What Is ‘Cowboy Bebop’ Anyway? Netflix Show and Its Anime Source, Explained

Cowboy Bebop Spike John Cho
Kristy Griffin/Netflix

Even if it weren’t a highly-anticipated adaptation of a hit anime series, the premise of Netflix’s live-action Cowboy Bebop would be enough to rope in viewers. The streamer calls the new show, premiering on Friday, November 19, an “action-packed space Western” that follows three bounty hunters — or “cowboys” — as they earn a living and try to escape their pasts.

“As different as they are deadly, Spike Spiegel [John Cho], Jet Black [Mustafa Shakir], and Faye Valentine [Daniella Pineda] form a scrappy, snarky crew ready to hunt down the solar system’s most dangerous criminals — for the right price,” the streaming giant adds. “But they can only kick and quip their way out of so many scuffles before their pasts finally catch up with them.”

Of course, the live-action series has big boots to fill. The Japanese original, which aired 26 episodes on TV Tokyo and Wowow between 1998 and 1999, has legions of fans across the globe. Created by animation studio Sunrise Inc. under the direction of Shinichirō Watanabe, the anime series was a pastiche of genres — blending sci-fi, film noir, Western, cyberpunk, and pulp fiction — and a comment on the human condition — with themes of existentialism, loneliness, and ennui.

The series earned universal acclaim, big honors at the Anime Gran Prix, and homages from filmmakers Quentin Tarantino and Rian Johnson.

“On paper, Cowboy Bebop, the legendary cult anime series from Shinichirō Watanabe, reads like something John Wayne, Elmore Leonard, and Philip K. Dick came up with during a wild, all-night whiskey bender,” The Atlantic’s Alex Suskind wrote in 2014. “The response from critics and fans may have sounded hyperbolic — the word ‘masterpiece’ was thrown around a great deal — but the praise was justified.
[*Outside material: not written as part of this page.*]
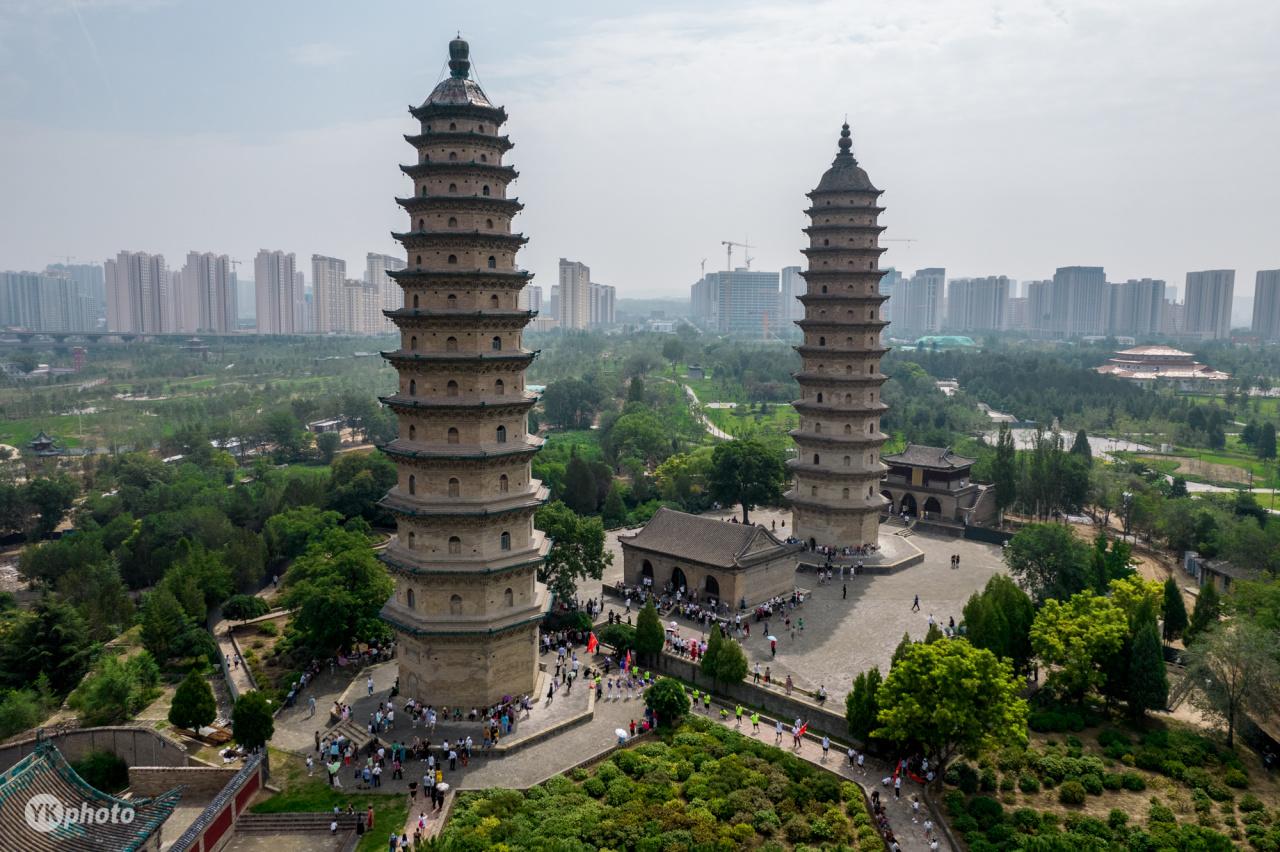 A scenic view of Yuncheng Miaodao Temple Twin Pagodas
First-time solo director Watanabe had created a gorgeous tale of morality, romance, and violence — a dark look at the lives of outlaws that’s shot like an independent film.”

Luckily for newcomers to the franchise, the original series is streaming on both Netflix and Hulu in the United States, and it’s also available as a remastered Blu-Ray set.

The live-action Cowboy Bebop, meanwhile, has been in the works for more than four years now. Production company Tomorrow Studios announced the project in June 2017, touting a collaboration with both Sunrise and with the producing team Midnight Radio (made up of Josh Appelbaum, André Nemec, Jeff Pinkner, and Scott Rosenberg, veterans of shows like Alias and High Fidelity). And producers brought Christopher Yost (Thor: Ragnarok, The Mandalorian) on board to pen the scripts.

“We are excited to work with Sunrise in bringing this beloved anime to the U.S. and global marketplace as a live-action series,” Tomorrow Studios’ Marty Adelstein said at the time, per Deadline. “The animated version has long resonated with audiences worldwide, and with the continued, ever-growing popularity of anime, we believe a live-action version will have an incredible impact today.”

Netflix scooped up Cowboy Bebop in November 2018, and by the fall of 2019, filming was already underway. But then Cho suffered a knee injury on set that October, delaying production for months.

Recasting the role of Spike was out of the question, however. “I can’t imagine anyone being Spike Spiegel but John Cho because John brings a depth to the character,” Nemec told Syfy Wire last month. “He’s incredibly facile with humor. He’s quick-witted. He can be laconic like Spike Spiegel. I think the anime had true moments of ennui, and true moments of dramatic pain that really did require someone, again, with that depth that John brought.”

So, will the live-action series do its anime predecessor justice? The Netflix title currently has a 47% Rotten Tomatoes rating, which doesn’t bode particularly well. But as Spike says in the original, “Whatever happens, happens.”